Funny about Money
Funny about Money
To refinance or not to refinance....
...that is not the question. The question is when?
I dropped by the credit union this noon to see what the loan officer there could do for me in the coming Perfect Storm (we hope) of interest rate reduction. Ideally, m’jihito and I would like to refinance the investment house to cut our communal mortgage bill a bit.
The loan officer said they expect rates to drop on Monday, but possibly as early as Friday. This depends, of course, on a number of things, not the least of which is the stock market’s performance. Nevertheless, they’re fairly confident that mortgage rates will drop. Exactly what today’s cut of 50 basis points will do, so shortly following the 75-point cut, remains to be seen.
The two loans we have on that house, one for about $188,000 and the other for about $22,000, are at 6.6 percent and 8.5 percent, respectively. The credit union’s current, pre-(supposed)-rate cut refinance rates range from a low of 5.35% plus 1 point for a 30/15 loan to a high of 5.875% plus 0 points for a 30-year fixed loan. Depending on which of several choices in between we might make, the out-of-pocket cost for the refinance would run from $1,846 to $3,946.
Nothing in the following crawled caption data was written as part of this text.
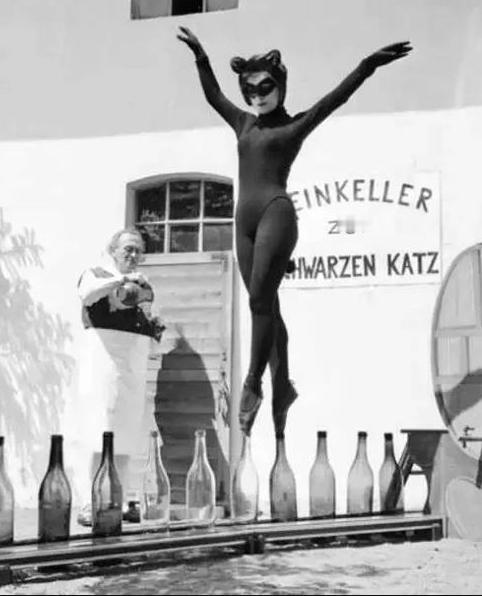 小姐姐上演祖传的踩瓶子技巧，千万不要跃跃欲试

1958年的德国汉堡，17岁的B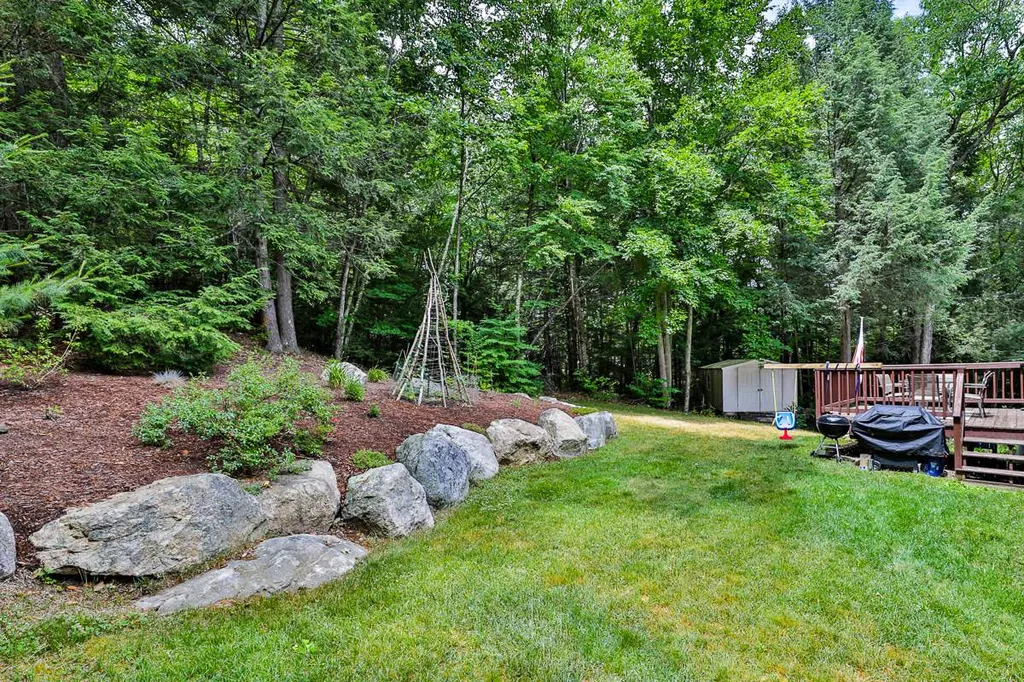 235 Whittier Drive Fremont NH 03044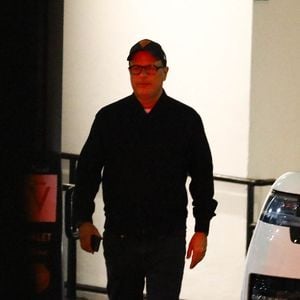 En 2002, elle a épousé le cinéaste Matthew Vaughn

Matthew Vaughn à Beverly Hills en 2025.
© Backgrid USA / Bestimage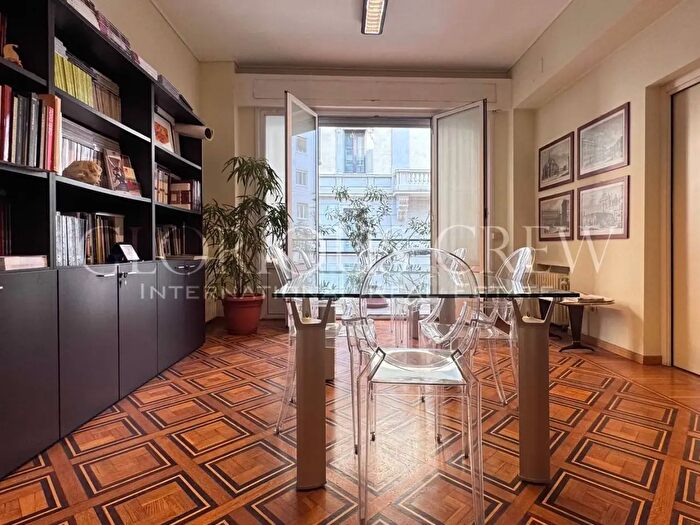 Appartamento con 8 locali in vendita in Via Giovanni Marradi, Milano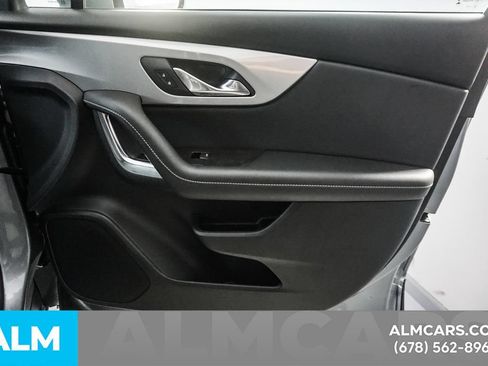 Used 2025 Chevrolet Blazer LT FWD image 38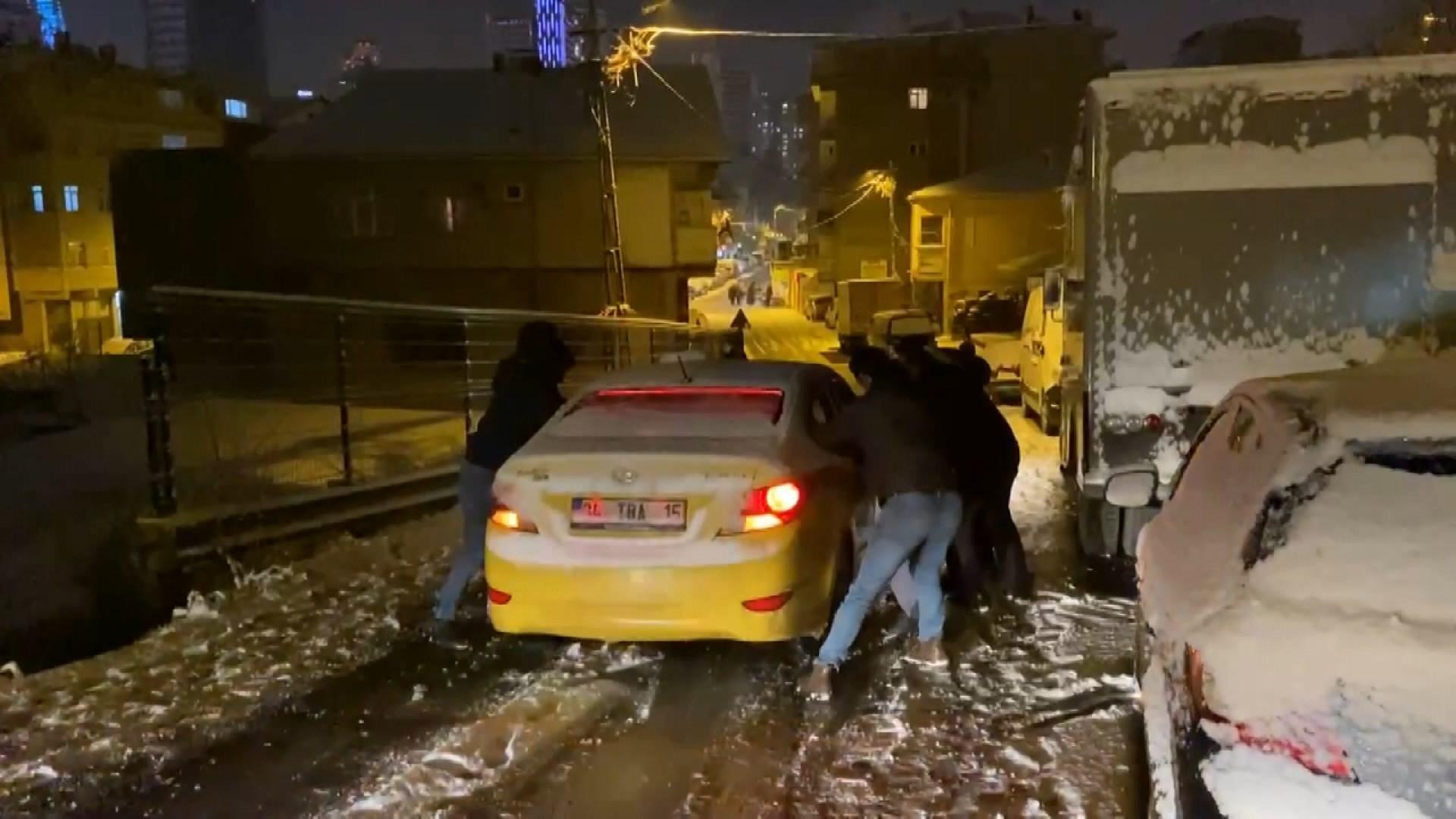 İstanbulda kar, sürücülere zor anlar yaşattı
If we saved a hundred bucks a month, we would recoup our cost in 18 1/2 to 39 1/2 months. If we saved two hundred, the loan costs would pay for themselves in 9 to 19 1/2 months.
Actually, these recoup periods would be somewhat accelerated by the fact that $1,000 of each monthly payment is coming out of stock investments: the more we can leave in that stock fund, the more it earns and so the less the mortgage payment costs us. As it were.
To make a refinance worthwhile, so they say, you need to achieve a rate cut of at least 1 percent. If we went with the 30/15 loan, the current rates would take us there. So we’re already silver-plated.
But the 30-year fixed-rate loan with 0 origination points: now that’s golden. And it only needs to drop 3/10 of a point to get us where we want to go.
The loan officer suggested we fill out an application now, which we can do online, for a 30-year fixed. Assuming we qualify for that, we’ll qualify for any of the other options.
The iron is heating up. Time to get ready to strike!